What is a Firewall?
A firewall is a network security tool that monitors incoming and outgoing network traffic and permits or blocks data and unauthorized access based on a set of security rules. The set of rules is used to identify possible cyber threats. This may fall into the category of software, hardware, or a combination of both. The ultimate purpose is to block malicious traffic like viruses and hackers. Firewalls are used in both personal and mass organization settings, many devices come with one built-in. With modern day technologies Firewall’s are widely considered an essential component of network security.
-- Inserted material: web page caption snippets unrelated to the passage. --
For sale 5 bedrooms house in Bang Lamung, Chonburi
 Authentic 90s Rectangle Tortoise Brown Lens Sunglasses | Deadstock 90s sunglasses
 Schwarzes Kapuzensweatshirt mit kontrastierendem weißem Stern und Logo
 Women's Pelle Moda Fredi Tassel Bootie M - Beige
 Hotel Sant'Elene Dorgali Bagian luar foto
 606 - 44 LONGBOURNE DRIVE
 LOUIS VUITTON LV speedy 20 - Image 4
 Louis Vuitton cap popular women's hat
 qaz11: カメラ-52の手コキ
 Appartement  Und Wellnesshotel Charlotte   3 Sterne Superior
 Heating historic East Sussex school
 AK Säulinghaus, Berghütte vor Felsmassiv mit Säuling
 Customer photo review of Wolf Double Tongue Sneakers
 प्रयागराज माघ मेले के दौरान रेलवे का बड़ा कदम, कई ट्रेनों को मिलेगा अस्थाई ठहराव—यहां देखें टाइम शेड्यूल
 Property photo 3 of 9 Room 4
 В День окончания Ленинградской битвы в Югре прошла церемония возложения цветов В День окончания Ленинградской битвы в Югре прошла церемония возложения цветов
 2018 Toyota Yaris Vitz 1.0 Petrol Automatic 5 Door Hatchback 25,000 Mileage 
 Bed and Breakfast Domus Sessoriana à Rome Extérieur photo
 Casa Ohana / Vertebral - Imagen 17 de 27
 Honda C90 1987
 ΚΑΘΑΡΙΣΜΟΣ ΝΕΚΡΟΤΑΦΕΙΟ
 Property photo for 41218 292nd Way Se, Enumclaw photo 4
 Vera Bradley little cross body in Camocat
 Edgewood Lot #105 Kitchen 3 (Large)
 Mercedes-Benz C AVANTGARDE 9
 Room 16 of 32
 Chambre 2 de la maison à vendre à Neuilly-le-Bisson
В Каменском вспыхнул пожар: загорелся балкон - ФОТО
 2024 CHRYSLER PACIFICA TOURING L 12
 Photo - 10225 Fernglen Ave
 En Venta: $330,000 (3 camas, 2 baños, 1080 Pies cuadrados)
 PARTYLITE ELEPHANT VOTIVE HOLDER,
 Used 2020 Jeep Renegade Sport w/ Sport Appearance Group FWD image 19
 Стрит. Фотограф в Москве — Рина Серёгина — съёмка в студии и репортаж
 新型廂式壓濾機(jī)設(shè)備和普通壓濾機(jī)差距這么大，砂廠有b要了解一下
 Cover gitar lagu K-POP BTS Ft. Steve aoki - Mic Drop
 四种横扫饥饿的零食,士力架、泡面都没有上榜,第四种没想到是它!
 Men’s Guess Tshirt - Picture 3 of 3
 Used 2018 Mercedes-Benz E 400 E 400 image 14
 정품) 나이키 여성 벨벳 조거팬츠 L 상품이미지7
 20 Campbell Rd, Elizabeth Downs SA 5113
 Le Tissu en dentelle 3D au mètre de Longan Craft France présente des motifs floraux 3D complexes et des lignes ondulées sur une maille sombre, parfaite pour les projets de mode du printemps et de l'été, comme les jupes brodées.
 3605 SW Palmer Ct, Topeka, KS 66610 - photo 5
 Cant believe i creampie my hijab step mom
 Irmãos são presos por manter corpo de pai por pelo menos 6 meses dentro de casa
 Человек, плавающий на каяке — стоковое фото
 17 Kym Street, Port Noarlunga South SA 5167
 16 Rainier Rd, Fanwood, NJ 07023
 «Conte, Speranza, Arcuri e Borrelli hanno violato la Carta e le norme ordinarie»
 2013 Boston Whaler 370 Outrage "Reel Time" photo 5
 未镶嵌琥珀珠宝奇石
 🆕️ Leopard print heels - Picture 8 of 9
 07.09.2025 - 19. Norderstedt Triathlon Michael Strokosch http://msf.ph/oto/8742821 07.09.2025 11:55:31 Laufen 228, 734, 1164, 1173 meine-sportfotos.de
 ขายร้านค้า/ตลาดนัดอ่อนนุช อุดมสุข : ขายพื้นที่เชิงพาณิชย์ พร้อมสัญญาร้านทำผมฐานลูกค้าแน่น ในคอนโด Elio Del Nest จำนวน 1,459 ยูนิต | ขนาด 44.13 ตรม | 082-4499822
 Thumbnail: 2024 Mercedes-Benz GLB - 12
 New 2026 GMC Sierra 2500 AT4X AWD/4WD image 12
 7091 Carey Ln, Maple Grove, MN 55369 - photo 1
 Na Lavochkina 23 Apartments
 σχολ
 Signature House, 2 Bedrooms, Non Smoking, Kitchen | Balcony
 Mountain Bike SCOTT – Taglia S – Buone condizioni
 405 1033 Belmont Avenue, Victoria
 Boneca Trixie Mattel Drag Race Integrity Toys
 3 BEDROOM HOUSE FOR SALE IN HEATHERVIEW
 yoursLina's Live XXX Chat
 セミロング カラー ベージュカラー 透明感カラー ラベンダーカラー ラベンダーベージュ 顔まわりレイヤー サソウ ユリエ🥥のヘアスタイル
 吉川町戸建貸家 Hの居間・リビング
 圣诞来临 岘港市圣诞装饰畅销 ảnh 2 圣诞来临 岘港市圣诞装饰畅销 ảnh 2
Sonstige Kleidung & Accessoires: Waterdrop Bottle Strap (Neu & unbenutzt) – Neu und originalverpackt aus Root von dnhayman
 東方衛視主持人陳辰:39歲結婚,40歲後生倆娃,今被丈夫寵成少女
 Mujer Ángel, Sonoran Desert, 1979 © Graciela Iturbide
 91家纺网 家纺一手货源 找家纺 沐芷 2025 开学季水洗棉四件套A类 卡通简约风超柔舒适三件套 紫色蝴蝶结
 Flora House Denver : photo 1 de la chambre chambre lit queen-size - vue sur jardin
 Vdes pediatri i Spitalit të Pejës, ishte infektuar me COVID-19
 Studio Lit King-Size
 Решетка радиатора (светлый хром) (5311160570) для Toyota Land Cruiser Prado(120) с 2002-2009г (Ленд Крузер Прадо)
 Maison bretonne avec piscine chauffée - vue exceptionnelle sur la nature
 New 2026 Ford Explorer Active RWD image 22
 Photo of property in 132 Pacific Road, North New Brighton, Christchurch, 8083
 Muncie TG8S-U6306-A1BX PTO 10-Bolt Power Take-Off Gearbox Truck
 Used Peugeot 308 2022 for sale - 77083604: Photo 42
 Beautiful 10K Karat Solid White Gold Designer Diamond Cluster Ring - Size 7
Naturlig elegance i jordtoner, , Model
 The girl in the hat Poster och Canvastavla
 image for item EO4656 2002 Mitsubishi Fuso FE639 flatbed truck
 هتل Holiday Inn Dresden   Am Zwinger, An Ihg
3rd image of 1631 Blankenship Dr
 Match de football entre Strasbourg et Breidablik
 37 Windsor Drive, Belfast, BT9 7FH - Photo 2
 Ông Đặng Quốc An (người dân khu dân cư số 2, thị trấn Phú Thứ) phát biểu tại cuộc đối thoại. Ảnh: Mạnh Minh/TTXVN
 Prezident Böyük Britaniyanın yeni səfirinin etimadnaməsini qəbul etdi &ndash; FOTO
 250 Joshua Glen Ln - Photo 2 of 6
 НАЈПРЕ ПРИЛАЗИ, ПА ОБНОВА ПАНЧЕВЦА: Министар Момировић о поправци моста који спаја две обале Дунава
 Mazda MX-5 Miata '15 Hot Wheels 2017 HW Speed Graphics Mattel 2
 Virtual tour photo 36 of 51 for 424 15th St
Not only do Firewall’s serve as a main means of protection, they also perform important logging and audit functions of data. A good firewall will keep a record of events, which can be used by administrators to identify any patterns within the data and make appropriate changes to the security rules. It is important because rules should be updated regularly to adapt to the changing environments.
How Does a Firewall Work?
Firewalls guard traffic at a computer’s entry point, which are commonly known as ‘ports’, which is where information is exchanged with any external devices. A firewall establishes a border between an external network and the network it is guarding. As the firewall carefully analyzes all traffic entering and leaving the ‘border’ it uses a set of pre-configured rules to distinguish between friendly and dangerous data.
Firewall Rules:
When discussing Firewalls, the word ‘packets’ is used to define a data group, the data has been formatted specifically for internet transfer. Packets include information such as its size and where it came from, firewalls use this information to then determine whether or not it passes the rules set and ultimately if it will pass through the guarded network. Firewall rule sets often includes and analyzes the following information:
- The packet source
- The destination for the packet
- The content included in the packet
As a packet makes its way through a network it is often reformatted several times in order to tell the protocol where to send it. There are multiple firewalls that exist analyze the packets at different levels of the network.
What Are the Types of Firewalls?
Firewalls are categorized by one of two ways; the way they filter data, or by the system they protect. When categorizing firewalls by the system they protect their are two main types:
- Network-based firewalls, This type guards an entire network and are often hardware.
- Host-based firewalls, This type of firewall guards individual devices (hosts) and are often software.
When categorizing a firewall by the way it filters data, there are several more types:
- Stateful inspection firewall – This examines a networks traffic to determine whether one data packet is related to another.
- Personal firewall – This is software used to protect a single internet-connected device from any malicious attacks, as opposed to a range of devices.
- Packet-filtering firewall – This firewall examines data packets in isolation without knowing the packet’s context.
- Proxy firewall – This type inspects packets at the application layer of the Open Systems Interconnection
- NGFW – This firewall has a multilayered approach to integrate enterprise firewall capabilities with an intrusion prevention system and application control.